Quality of Women's Health Care
Indicators of the quality of health care can provide important information about the effectiveness, safety, timeliness, and patient-centeredness of women’s health services. Indicators used to monitor women’s health care in managed care plans include screening for chlamydia, screening for cervical cancer, and receipt of mammograms.
Despite a slight decline in chlamydia screenings for women aged 21–25 years enrolled in Medicaid from 2006 to 2007, females with Medicaid coverage were more likely to have received a chlamydia screening than those with private coverage (54.2 versus 39.2 percent, respectively). Since 2000, the percentage of sexually active females screened for chlamydia has increased by 89 percent among those in commercial plans and 43 percent among Medicaid participants.
In 2007, receipt of mammograms for women aged 40–69 years was approximately the same for women with private coverage and those covered through Medicare (69.1 and 67.3 percent, respectively).
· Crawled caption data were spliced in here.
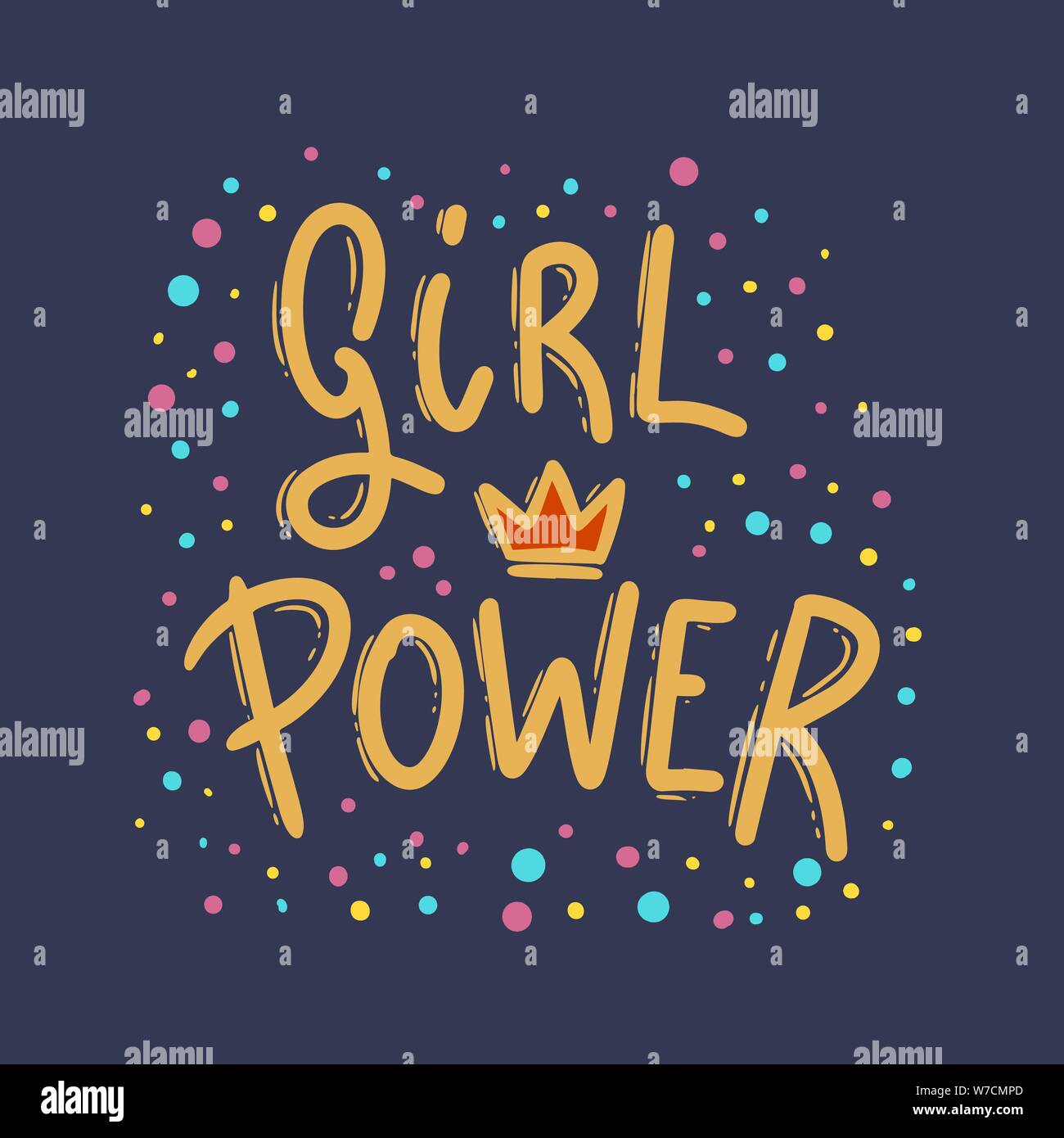 Girl power. Lettering phrase for postcard, banner, flyer. Vector illustration Stock Vector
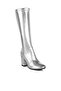 Women Metallic Pleather Long Boots in Silver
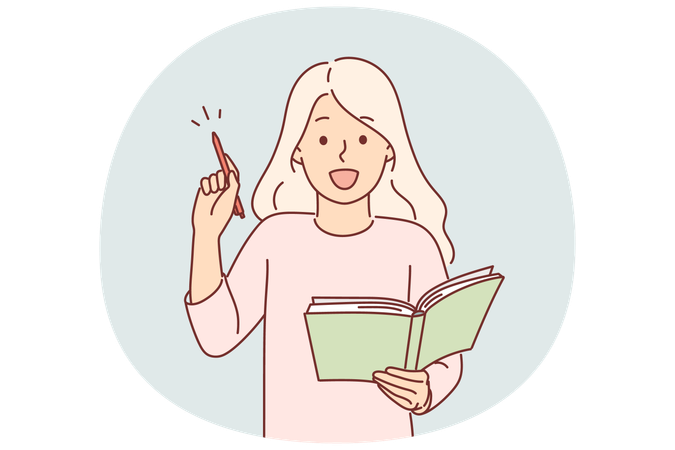 Little girl holding notepad and pen making list of gifts wants and writing them down in diary  Illustration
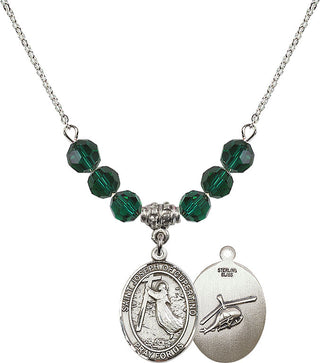 18" Rhodium Plated Necklace with 4mm Emerald Crystal Beads featuring a Sterling Silver Saint Joseph of Cupertino/Heleco Medal.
However, women enrolled in Medicaid were considerably less likely to have received a mammogram at least once during the previous 2 years (49.9 percent).
Cervical cancer screenings appear to be more accessible to women with commercial coverage than to those covered by Medicaid. Among women aged 21–64 years, cervical cancer screenings were received at least once during the previous 3 years by 81.7 percent of commercially-insured women and 64.7 percent of those covered by Medicaid.